Would you retype, word for word, the line with "Patent US11815304 Figure 2 – Refrigerator" and each line after it to the end of the entries below, leaving the pictures out?

** Available data follows **

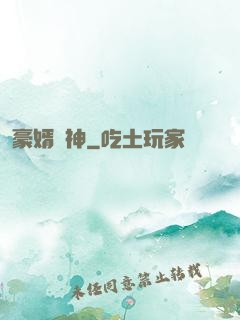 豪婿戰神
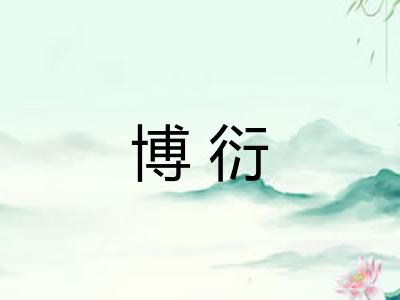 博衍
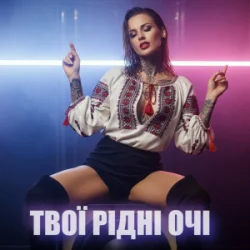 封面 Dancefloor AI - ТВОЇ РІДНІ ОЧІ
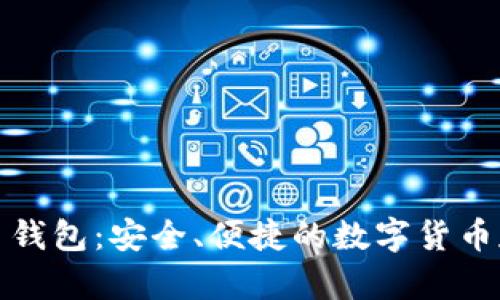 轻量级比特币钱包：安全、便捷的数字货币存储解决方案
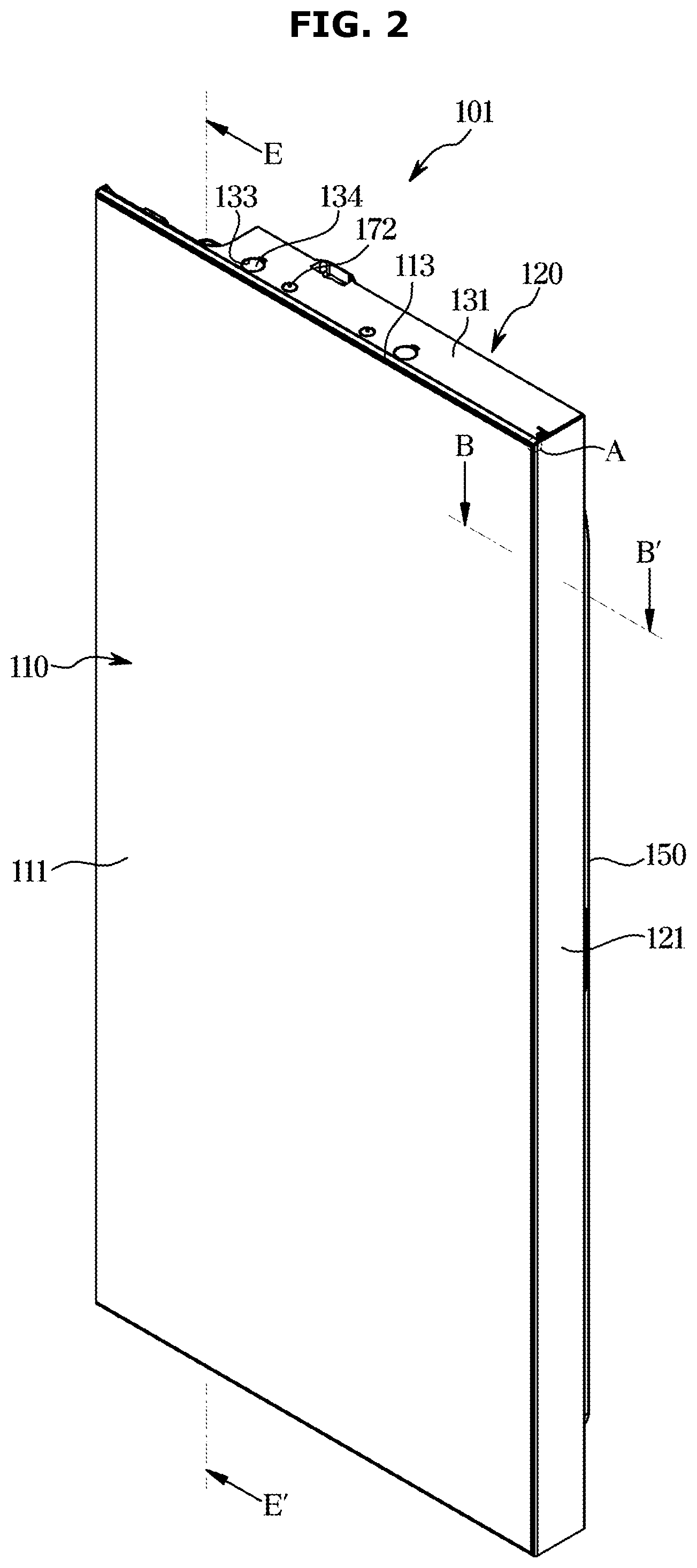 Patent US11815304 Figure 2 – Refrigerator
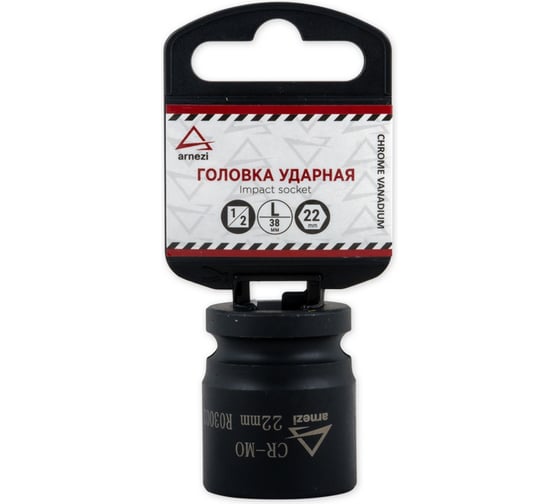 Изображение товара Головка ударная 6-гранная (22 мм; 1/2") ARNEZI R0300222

** End of Available data **

Completed task:
 Patent US11815304 Figure 2 – Refrigerator
 Изображение товара Головка ударная 6-гранная (22 мм; 1/2") ARNEZI R0300222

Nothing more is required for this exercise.